Beginning of the Underground Railroad

The Rankin House on Liberty Hill in Ripley, home of Abolitionist John Rankin

The Underground Railroad was not a real railroad but a metaphoric one, the name given to a clandestine operation that aided fugitives slaves before the Civil War.

Slaves had been fleeing from their masters since the beginning of the American colonies. Herbert Aptheker’s groundbreaking work, American Negro Slave Revolts, published in 1939, documented the ceaseless efforts of slaves to resist. Another study, Lathan Windley’s Runaway Slave Advertisements, published in 1983,collected 7,286 such advertisements from 1732-to-1790.

Early Resistance to Slavery

The evil of slavery was recognized in America as early as 1688, when the Germantown Friends Meeting in northern Philadelphia made the first public condemnation of slavery, citing the Bible:“Thou shalt not deliver unto his master the servant which is escaped from his master unto thee. He shall dwell with thee, even among you, in that place in which he shall choose in one of thy gates, where it liketh him best; thou shalt not oppress him.”

This early assault on slavery by Quakers put them in a leadership role, and the first known organization to help slaves who had escaped was a Quaker group, the Philadelphia Abolition Society, which formed in 1775 with Benjamin Franklin one of its leading members. A 1786 letter of George Washington refers to it: “And if the practice of this Society . . . is not discountenanced, none of those whose misfortune it is to have slaves as attendants, will visit the city if they can possibly avoid it . . .”

Fugitive Slave Law of 1793

Slaves were valuable property and it was common for slave owners to publish advertisements with descriptions of those who fled, offering rewards for their recapture. Providing legal assistance was the first Fugitive Slave Law passed in 1793. It imposed a fine of $500 (about $5,000 today) on those convicted of aiding fugitive slaves. These rewards, as well as the provision that denied alleged fugitive slaves the right to testify in court on their own behalf, induced unscrupulous individuals not only to hunt fugitive slaves but to kidnap free blacks and sell them into slavery.

Nevertheless, increasing numbers of fugitive slaves from the eastern shore of Maryland began fleeing up through Delaware and New Jersey where considerable numbers of sympathetic Quakers and free blacks were ready to help.

Among the earliest established Underground Railroad stops was in Wrightsville, Pennsylvania, along the Susquehanna River not far from the Maryland border, near where the mother-in-law of noted Underground Railroad conductor William Whipper was the subject of a documented case of aid to an escaped slave in 1804. Along the Ohio River Valley, fugitive slaves began coming with increasing regularity after the battles of the War of 1812 brought to slaves the awareness of freedom north of the Mason Dixon Line.

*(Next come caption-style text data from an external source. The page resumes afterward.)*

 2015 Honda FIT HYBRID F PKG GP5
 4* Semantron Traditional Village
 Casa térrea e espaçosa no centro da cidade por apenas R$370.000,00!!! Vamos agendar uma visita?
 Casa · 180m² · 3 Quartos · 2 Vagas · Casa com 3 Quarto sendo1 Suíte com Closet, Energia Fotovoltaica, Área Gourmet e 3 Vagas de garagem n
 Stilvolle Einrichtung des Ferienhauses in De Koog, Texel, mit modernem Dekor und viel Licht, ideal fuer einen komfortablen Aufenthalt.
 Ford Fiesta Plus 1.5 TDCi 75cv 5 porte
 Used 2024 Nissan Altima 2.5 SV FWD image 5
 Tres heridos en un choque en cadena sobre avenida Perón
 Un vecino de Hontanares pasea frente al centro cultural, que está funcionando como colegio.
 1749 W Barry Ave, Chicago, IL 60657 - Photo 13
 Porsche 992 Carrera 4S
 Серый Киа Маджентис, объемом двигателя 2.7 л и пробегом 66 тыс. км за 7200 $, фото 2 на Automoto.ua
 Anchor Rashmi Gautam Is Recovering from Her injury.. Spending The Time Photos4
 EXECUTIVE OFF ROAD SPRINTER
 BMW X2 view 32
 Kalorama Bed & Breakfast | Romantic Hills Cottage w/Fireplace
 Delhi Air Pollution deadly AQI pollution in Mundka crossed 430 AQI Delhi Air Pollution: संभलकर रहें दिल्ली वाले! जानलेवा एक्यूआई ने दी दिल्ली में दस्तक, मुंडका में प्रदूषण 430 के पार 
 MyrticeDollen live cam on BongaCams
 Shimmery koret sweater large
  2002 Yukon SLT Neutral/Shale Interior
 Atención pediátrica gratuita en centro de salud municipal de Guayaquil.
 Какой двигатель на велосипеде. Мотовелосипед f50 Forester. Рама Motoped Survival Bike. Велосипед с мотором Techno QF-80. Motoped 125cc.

On ships bound for New England and New York City, docked in the harbors of the Carolinas and Virginia, slaves began stowing away, often with the complicity of seaman, many of whom were black and sympathetic.

In the South, some of the earliest manifestations occurred, as in Guilford County and the New Garden Quaker meeting of Levi Coffin’s youth, where escaped slaves were being assisted as early as 1815. Also, in the South, came the first public call for immediate emancipation from Charles Osborn, a Quaker and native of North Carolina, when he formed the Tennessee Manumission Society in December, 1814.


One Philadelphia Abolition Society member, Isaac T. Hopper, is credited by some as being the father of the Underground Railroad. He began using the courts and his connection to the city’s black community as early as 1797 to create a system that became a model for future Underground Railroad organizations. However, he was not the first to combat slavery in this manner. The English abolitionist, Granville Sharp, and the Baltimore Quaker, Elisha Tyson, had used similar methods to gain the freedom of slaves and weaken the legitimacy of slavery. The courts were an important tool of the Underground Railroad throughout the antebellum period, spawning one Supreme Court Chief Justice, Salmon Chase, called the “attorney-general for the fugitive slave,” and two future Presidents, Chester Arthur and Rutherford B. Hayes.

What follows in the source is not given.